本

『ロビンソン・クルーソー(上)』

ホンとの本

『ロビンソン・クルーソー(上)』
デフォー
平井正穂訳
岩波文庫
\945
2012.11.

 元々1967年発行の文庫だが、2012年に改版されている。
 名作であり、誰もがその名を知る本である。が、そのことと、実際に読まれていることとはまた別である。歴史の中で文化項目として挙げられる文学作品など、実のところ殆ど読まれているわけではない。もはや明治の文豪ですら、ただの古典であり、自分が読書の対象とするような性格のものではないらしい。
 私もご多分に漏れずそうなのだが、たしかにこのように長い作品となると、覚悟をして読み始めなければならないものである。しばらくの間これに差し向かいになるための持続的な熱意のようなものが必要になる。これはかなりエネルギーを要するものである。しかしえてして、一度その世界に入ってしまえば、けっこう楽しめるものだ。名作と呼ばれるものには、それだけの魅力と価値がある。
 ガリバー旅行記のような、諷刺でもあるのかと思ったら、そうとまでは言えなさそうだ。むしろ、このガリバーのほうは、このロビンソン・クルーソーから刺激を受けたのではないかとさえ思われる。
 南海の孤島にひとり置かれたロビンソン。その一人語りで物語は展開する。父親の忠言に逆らい、家を飛び出す放蕩ぶりがその冒頭のかなりの部分である。若気の故に世界へ出るのが自分の唯一の道だと思い込み、海へ出るのだが、幾度の苦難をも越えてまたさらに欲を出したようなところへ、ついに孤島生活を強いられるようになってしまう。
 ロビンソン・クルーソーというと、何もかも自力で生活を組み立てたかのような印象があるが、そうではない。投げ出された船の備品を効果的に用い、またラム酒などは実に長きにわたって保っている。もちろん、現地の木材などを用いて居を構えることもするし、動物の肉を食むわけだが、原始時代の生活をゼロからスタートしたというイメージは払拭すべきである。
 問題は、そのようなサバイバルそのものにあるのではない。物語ではさほど強調されていないが、孤独であるということをしみじみと感じざるをえない状況がここにある。それはまるで、このロビンソンがそういう目に遭って気の毒に、というものではなく、そもそも私たち人間すべてが、そのような孤として生きているのではないかと思わせるかのようである。
 そう、ロビンソンは、神との対話を忘れない。それは、信仰深いが故にではない。キリスト教文化の中で生きていた彼は、それから如何に反抗しようとも、孤に陥ったとき、神の下にあるひとりの自分というものを意識せざるをえなかった。結局、備品の中にあった聖書の言葉が、独りで生きる自分を支えていくことに気づいていく。

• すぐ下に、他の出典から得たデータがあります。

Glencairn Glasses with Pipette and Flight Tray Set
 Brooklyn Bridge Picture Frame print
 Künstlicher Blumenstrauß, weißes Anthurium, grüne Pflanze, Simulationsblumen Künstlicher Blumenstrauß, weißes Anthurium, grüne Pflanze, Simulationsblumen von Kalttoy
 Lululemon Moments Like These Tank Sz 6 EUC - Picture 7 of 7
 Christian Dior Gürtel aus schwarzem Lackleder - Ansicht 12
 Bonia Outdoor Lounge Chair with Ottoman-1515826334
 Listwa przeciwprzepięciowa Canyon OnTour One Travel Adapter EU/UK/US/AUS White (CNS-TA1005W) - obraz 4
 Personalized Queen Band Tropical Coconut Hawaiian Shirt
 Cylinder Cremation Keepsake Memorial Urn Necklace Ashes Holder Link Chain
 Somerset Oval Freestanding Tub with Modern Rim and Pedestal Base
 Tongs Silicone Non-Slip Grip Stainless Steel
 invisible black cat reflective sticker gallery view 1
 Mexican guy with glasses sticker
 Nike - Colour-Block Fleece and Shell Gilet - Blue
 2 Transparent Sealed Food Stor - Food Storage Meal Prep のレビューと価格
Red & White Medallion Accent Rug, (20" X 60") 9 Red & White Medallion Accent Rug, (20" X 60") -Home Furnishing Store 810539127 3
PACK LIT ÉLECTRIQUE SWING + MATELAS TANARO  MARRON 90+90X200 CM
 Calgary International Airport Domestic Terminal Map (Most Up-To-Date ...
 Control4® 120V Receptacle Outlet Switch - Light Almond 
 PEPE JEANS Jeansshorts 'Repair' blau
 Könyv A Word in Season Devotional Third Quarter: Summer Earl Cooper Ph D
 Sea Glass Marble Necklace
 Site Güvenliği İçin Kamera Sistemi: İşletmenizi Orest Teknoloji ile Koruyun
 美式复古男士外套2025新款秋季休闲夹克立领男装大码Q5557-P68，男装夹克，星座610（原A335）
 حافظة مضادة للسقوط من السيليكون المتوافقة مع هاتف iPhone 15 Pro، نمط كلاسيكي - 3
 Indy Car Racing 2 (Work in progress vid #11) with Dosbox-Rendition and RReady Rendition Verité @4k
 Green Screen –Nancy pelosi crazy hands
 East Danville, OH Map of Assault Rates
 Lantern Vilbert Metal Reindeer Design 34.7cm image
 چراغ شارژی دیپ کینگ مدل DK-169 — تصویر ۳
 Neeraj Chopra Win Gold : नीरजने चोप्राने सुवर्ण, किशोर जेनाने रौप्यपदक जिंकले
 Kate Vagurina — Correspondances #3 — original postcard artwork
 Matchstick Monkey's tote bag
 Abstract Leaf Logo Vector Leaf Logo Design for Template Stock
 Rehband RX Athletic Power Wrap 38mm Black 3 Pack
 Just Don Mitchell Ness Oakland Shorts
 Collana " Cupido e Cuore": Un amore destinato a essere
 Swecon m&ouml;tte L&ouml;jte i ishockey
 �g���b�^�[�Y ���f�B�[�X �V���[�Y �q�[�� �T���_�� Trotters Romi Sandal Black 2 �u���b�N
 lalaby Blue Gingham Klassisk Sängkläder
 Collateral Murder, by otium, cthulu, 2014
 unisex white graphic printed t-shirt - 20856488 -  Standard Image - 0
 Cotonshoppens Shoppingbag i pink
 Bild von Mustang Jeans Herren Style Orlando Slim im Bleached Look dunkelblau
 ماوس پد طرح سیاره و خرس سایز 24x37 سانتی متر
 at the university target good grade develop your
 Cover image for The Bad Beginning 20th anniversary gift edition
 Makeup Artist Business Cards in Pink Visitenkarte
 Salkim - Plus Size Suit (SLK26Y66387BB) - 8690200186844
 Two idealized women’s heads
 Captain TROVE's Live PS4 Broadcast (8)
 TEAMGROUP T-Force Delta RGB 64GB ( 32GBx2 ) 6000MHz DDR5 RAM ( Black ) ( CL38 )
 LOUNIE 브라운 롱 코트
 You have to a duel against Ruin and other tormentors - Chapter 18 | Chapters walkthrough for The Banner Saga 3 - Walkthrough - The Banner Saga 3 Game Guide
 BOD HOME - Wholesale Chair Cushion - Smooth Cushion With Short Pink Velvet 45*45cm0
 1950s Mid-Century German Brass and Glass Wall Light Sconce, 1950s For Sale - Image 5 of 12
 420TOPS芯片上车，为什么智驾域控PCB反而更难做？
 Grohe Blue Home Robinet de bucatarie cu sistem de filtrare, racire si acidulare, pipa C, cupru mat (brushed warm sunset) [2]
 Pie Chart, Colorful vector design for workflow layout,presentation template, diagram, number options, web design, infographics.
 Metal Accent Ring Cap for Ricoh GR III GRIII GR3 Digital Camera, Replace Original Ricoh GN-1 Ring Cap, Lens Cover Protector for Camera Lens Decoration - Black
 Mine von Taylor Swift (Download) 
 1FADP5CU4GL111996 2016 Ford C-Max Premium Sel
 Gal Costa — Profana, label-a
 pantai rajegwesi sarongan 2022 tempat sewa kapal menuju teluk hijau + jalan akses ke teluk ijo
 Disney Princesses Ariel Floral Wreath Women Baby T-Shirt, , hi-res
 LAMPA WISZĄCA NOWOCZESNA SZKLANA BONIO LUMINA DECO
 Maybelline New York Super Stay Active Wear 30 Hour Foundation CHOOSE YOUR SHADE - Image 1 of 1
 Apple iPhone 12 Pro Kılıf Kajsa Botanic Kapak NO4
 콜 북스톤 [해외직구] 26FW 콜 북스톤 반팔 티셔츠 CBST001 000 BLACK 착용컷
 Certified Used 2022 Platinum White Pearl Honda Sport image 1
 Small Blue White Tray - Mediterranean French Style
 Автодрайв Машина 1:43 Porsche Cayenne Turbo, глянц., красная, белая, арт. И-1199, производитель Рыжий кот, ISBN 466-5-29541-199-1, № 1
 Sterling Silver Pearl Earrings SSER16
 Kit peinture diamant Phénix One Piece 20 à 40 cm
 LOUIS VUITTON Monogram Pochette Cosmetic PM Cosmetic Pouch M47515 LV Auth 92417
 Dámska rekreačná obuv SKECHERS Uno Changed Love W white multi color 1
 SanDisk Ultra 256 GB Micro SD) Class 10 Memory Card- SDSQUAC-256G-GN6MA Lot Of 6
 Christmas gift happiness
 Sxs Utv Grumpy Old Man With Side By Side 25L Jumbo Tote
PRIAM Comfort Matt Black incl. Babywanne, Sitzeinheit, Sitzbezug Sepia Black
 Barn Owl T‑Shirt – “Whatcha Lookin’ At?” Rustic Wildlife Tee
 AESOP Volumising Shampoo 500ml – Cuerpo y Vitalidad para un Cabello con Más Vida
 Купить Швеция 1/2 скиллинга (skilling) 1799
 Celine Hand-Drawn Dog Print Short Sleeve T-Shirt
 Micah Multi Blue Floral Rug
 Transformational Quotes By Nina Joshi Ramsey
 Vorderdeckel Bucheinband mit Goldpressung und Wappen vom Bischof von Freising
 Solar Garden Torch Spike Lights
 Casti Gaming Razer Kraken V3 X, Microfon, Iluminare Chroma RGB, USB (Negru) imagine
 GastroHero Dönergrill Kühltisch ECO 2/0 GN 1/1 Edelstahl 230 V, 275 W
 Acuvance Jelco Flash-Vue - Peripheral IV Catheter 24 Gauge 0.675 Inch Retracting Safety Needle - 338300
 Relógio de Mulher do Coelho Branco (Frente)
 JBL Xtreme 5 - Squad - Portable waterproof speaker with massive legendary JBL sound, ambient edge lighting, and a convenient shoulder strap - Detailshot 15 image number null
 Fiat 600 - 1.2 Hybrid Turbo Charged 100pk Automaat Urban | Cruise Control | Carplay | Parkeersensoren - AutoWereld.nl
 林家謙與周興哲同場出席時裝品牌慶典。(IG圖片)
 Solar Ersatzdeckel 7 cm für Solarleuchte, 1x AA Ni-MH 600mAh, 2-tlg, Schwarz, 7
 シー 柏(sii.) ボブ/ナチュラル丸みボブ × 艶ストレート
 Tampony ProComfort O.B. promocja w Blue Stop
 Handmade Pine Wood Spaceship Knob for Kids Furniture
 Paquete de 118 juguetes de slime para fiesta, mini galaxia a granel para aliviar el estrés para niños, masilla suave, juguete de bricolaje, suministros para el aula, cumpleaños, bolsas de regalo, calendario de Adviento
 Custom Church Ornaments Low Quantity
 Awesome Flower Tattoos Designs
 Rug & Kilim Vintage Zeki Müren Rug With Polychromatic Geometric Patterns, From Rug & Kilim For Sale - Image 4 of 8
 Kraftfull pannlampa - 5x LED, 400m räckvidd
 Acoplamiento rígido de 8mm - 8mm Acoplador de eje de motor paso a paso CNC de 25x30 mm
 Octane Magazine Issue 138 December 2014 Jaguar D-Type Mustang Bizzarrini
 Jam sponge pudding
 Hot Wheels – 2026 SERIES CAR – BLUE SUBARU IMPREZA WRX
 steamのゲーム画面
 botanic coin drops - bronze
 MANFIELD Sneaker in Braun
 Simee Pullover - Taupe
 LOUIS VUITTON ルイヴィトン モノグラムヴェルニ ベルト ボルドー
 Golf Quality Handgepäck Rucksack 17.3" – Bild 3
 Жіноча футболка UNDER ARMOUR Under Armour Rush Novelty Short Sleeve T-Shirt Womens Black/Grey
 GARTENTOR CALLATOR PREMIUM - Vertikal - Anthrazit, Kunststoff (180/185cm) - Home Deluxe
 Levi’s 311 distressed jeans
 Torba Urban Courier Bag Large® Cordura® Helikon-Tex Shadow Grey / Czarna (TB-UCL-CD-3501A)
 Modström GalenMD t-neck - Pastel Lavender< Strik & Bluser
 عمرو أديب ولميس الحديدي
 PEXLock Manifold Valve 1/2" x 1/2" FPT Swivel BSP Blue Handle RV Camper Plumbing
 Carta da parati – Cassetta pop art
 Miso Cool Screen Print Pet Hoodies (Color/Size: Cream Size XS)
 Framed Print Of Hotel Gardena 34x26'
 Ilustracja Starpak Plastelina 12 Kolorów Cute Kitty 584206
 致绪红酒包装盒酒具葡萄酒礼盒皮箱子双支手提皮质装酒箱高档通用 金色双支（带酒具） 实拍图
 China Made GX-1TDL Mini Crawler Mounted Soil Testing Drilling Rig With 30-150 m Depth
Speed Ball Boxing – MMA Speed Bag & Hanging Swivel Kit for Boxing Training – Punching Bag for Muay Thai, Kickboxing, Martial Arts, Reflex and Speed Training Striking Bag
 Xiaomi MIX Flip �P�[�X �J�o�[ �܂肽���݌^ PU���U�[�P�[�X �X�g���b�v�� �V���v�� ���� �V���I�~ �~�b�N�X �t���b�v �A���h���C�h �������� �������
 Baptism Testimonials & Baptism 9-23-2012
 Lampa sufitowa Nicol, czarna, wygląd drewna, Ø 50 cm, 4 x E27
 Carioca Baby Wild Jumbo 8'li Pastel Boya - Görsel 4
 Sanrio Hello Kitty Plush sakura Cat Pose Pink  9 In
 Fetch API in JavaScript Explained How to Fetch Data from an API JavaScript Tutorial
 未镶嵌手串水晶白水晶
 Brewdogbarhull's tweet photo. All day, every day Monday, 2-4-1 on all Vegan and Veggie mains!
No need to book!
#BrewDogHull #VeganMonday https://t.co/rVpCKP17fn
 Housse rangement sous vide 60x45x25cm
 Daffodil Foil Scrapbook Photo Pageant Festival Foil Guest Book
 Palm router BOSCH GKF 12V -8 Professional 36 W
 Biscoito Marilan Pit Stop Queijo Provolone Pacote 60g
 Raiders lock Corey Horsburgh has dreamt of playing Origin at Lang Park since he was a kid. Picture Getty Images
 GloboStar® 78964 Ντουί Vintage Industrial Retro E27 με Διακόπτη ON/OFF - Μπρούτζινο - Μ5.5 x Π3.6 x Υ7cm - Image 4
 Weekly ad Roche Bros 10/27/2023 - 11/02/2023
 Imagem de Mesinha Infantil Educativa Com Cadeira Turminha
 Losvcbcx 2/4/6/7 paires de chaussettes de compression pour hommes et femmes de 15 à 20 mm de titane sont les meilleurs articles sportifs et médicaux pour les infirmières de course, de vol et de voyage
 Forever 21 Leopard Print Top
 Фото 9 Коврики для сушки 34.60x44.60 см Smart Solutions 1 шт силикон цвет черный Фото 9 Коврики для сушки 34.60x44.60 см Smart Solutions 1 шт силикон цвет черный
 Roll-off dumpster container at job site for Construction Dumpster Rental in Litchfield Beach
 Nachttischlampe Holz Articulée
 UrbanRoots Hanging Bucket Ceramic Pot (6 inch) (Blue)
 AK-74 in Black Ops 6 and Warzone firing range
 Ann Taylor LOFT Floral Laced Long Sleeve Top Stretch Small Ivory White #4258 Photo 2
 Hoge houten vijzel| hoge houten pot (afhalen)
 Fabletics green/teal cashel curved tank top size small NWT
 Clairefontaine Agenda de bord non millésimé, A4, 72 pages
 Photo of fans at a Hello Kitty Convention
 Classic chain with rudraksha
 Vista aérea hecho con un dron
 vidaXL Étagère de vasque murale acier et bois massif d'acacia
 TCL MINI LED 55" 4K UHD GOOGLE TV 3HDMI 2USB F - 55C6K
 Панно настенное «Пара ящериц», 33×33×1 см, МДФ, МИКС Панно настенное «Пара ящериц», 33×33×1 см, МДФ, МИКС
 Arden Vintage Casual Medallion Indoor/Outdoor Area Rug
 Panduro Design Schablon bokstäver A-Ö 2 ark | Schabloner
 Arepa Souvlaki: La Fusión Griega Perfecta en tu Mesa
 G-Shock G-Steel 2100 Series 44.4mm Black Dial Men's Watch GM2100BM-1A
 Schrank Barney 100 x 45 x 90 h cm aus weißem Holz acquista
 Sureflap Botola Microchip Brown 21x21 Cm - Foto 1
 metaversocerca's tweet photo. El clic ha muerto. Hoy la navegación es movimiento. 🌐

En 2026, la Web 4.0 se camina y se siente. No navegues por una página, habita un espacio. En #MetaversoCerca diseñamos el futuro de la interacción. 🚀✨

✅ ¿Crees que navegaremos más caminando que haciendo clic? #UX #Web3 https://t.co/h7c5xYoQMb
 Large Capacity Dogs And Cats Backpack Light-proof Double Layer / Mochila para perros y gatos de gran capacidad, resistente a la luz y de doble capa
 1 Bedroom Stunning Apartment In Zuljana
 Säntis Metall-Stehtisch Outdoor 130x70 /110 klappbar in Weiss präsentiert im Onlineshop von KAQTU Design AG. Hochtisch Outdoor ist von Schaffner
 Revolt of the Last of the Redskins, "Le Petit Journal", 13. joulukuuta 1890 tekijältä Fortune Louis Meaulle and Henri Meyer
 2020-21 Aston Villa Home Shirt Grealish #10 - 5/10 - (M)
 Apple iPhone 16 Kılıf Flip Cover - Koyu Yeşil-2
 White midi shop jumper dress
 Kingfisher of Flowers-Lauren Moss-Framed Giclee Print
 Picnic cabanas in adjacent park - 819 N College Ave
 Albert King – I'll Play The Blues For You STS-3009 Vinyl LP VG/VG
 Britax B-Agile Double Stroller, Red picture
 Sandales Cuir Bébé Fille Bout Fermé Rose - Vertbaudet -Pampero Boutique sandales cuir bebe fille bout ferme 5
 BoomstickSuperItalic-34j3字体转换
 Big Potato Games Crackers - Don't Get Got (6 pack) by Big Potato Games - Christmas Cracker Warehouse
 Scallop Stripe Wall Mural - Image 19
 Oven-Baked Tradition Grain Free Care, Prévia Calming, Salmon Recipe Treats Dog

そうした中で、蛮族として描いている原住民が果たしてそれでよいのかどうかも分からないが、とにかく人食い人種との間の緊張関係と、難破してくる白人との区別が、キリスト教徒であるかどうかという辺りにあるというのも、当時のヨーロッパでは仕方がないにしろ、人としての在り方の基準であるとして描かれていることに、今の私たちは注目してしまうかもしれない。
 そう、これは実にキリスト教の書物なのである。多分に、実際に漂流したある人物の事件をヒントにこの物語が生まれたと言われているが、たとえモチーフがそれであったとしても、デフォーが描いていたのは、神の前に独り立たされている自分自身の姿とその生き方であったと思われる。上巻の318頁に「それ自体として当然われわれが必死になって避けようとする災がある、もしそれに陥ったがさいご、われわれの命取りにもなりかねまじき災だ。ところが、じつはそれがまさしくわれわれの救いの道であり、現在の苦難から抜けでる唯一の手段であることが、人生途上、いかにしばしば多いことか」ということを、「一つの正しい人生訓」であると述べられている。私は、ここに、この物語の集約点を見出したい。
 物語という性格上、中身は各自でお楽しみ戴きたいと思い、ここで紹介することは控えたい。孤独な人生というイメージもあるだろうが、お読み戴くと、案外ひとりぼっちのことばかり描かれているわけではないことにお気づきになることだろう。評判というのは、一般的なものなのであって、読者一人一人が、その本を自分なりに受け止めればよいのである。キリスト者として、このロビンソン以上に、孤独さを覚えることは、どうしても必要である。私たちは実に、ロビンソン以上に、孤独な人生を噛みしめているはずなのだ。そうでないと、この物語を適切に受け止めることはできそうにない。私はそう思う。
 なお、これには下巻があり、ロビンソンが再び船出をする話となっているが、こちらには、孤独な描写はあまりなく、孤島での活動を見てきた読者は、少し魅力を欠くと思われるかもしれない。しばしば宗教的・経済的な視点で尊重されるこの上巻におけるロビンソンのありさまは、確かに下巻である第二部には輝いているとは言えないものであろう。しかし、誰でも体験できないことについてこれだけの緻密な描写を試みたものとして、読者の好奇心を満たすだけのものは十分含んでおり、大いに人気を得たということも肯ける。父の許を離れる宗教的な寓話のようでもあるものだが、意外と生真面目な主人公の独白に、当時の人の生き方がやはりこのような真面目さを具えたものであったのだろうと思うと、今の私たちは独りで生きる強さもなく、またそうした信実を以て生きているのか、生きようとしているのか、問われているように思ったほうがよいのではないか、とも思う。
 だから、これを日本人一般の視点から、こてこてのキリスト教で自己中心の思想だ、などと一蹴するのは、適切だとは言えない。もちろん、それに耳を傾ける必要は、デフォーの支持者にはあるだろう。だが、非難する当人が、自分がどこにいるのか、何をしているのか、そこを問われているという意識なしでいるとしたら、デフォーの問いかけをはぐらかしているに過ぎないかもしれないのである。